So, I offered my feedback about buying a drawing tablet through Best Buy dot com, and my satisfaction scores were low. Yes, they made good for a ridiculously delayed delivery and lying about why it was so delayed, but, simply, to me, a satisfactory purchasing experience does not involve calling three weeks later to ask whether my order will ever be filled.
So they e-mailed back to ask me to call them so they could clear up the causes of my dissatisfaction. I admit to taking my time in calling them (I had other things to do, and besides, I wanted to call on a day when I had to make other phone calls, given the per-diem charge on my cell phone). But when someone did get around to my call I did my best to explain just what was unsatisfactory about it: it was claimed at ordering that it would be delivered in five to seven days, and they didn't actually have any in stock or any idea when any would be in stock.
She explained that the web site wasn't able to put up a warning that something was out of stock because different stores have different inventories, which makes sense as an explanation except for not explaining anything. I tried to make clear my confusion: why wouldn't the web site catalogue be able to check the Best Buy Master Command Inventory for what's there, what's not there, and what might never be there. I admit customer satisfaction feedback consultants may not be fully up-to-date on the intricacies of web site database cross-referencing, but she kept coming back to: different stores have different inventories so they couldn't say what was available.
Anyway, after a couple go-rounds of this, and my reiterating that the only thing I actually found dissatisfying was that the ``5 to 7 days'' was a lie to start with and they kept sending me phony updates about further unavailabilities, and she kept explaining that different stores have different inventories. Finally I gave up, and she thanked me for my feedback, and arranged to get me a $15 coupon for my feedback.

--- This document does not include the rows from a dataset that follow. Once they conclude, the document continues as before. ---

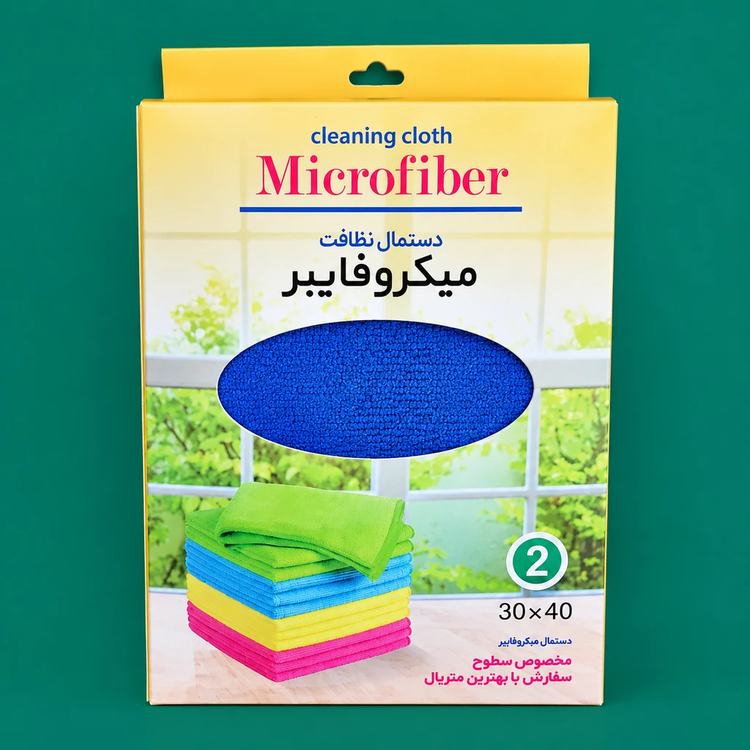 دستمال میکروفایبر سطوح ناب فایبر بسته ۲ عددی
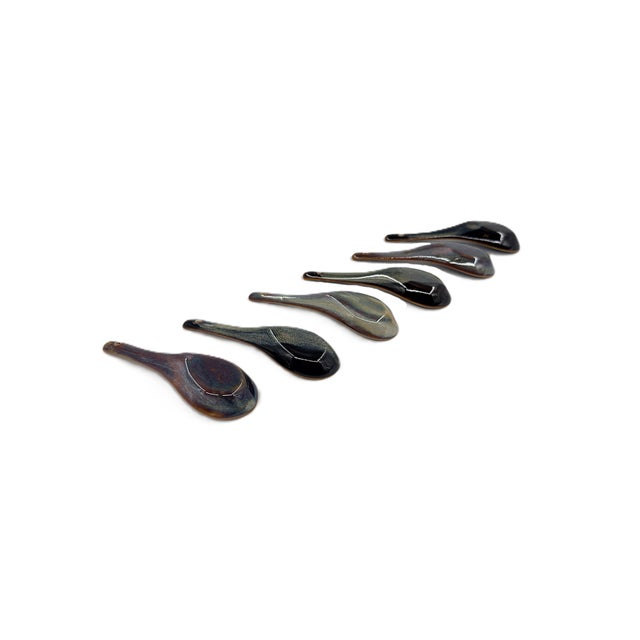 2020s Asian Modern Vietnamese Ceramic Soup Spoons Hand Painted in Multicolor Stoneware - Set of 6 For Sale - Image 5 of 8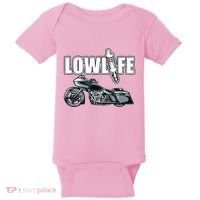 Lowlife Bagger Motorcycle . Chicano Vicla Lowrider Bikes Baby Bodysuit thumb 0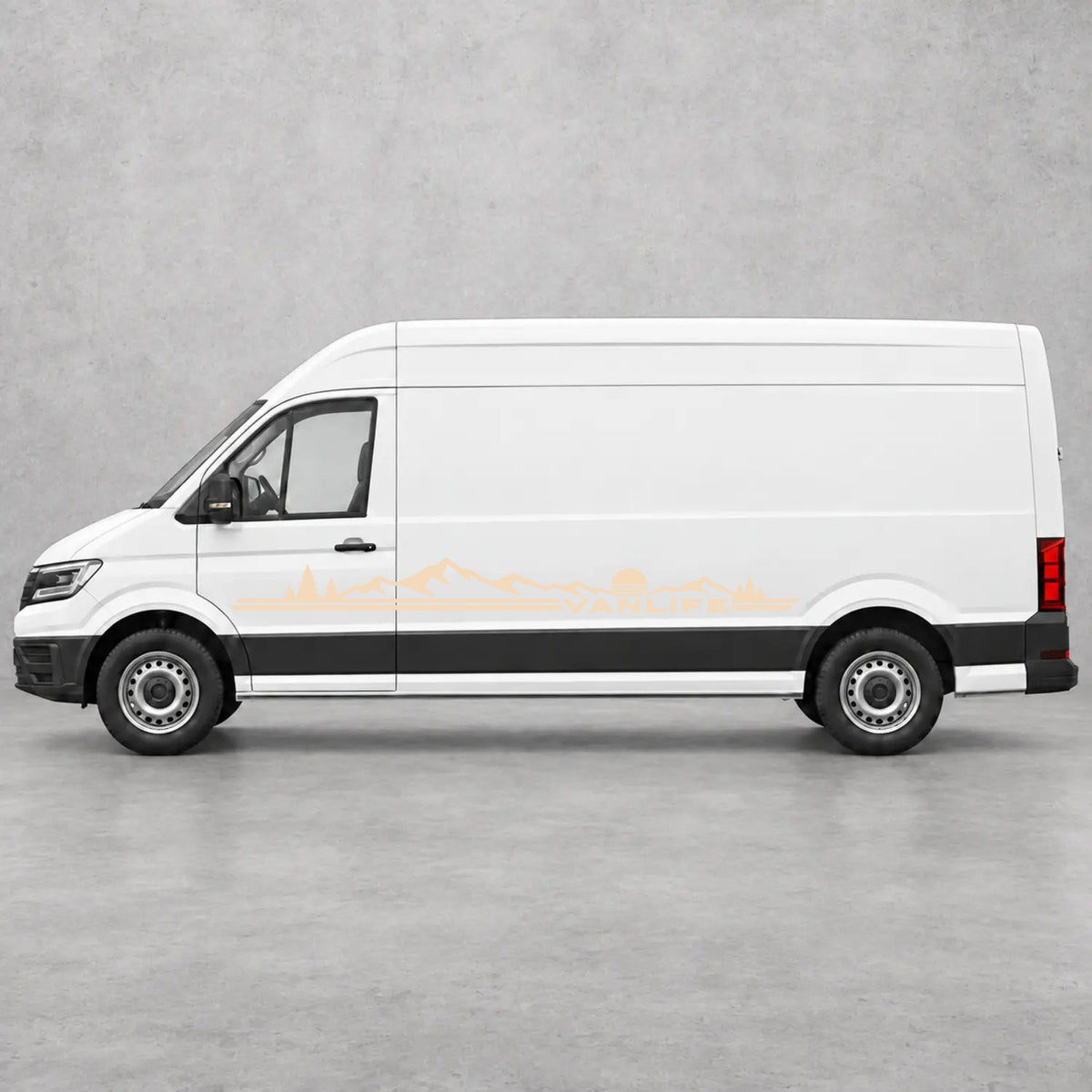 VW Crafter Vanlife Mountain Side Stripes in Beige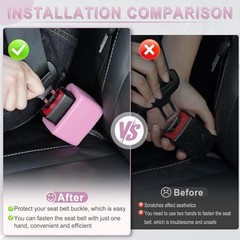2PCS Seat Belt Buckle Holder, Universal Silicone Rear Seat Belt Booster & Pink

A day after that, I got e-mail asking for my feedback about the phone call experience. I have the feeling I'm not getting anywhere. It's also conceivable that by the time this is all settled I'll have made a profit on my purchase.
Trivia: The ``automatic telephone exchange'' developed and patented by mortician Almon Strowger in 1891, used buttons for its direct dialing. Source: Small Things Considered: Why There Is No Perfect Design, Henry Petroski.
Currently Reading: A Reader's Guide To The Short Stories Of Mark Twain James D Wilson. Boy, Twain wrote a lot of short stories I never heard of anybody ever reading other than ``The Celebrated Jumping Frog Of Caleveras County'', and come to think of it, I don't think I ever read that either.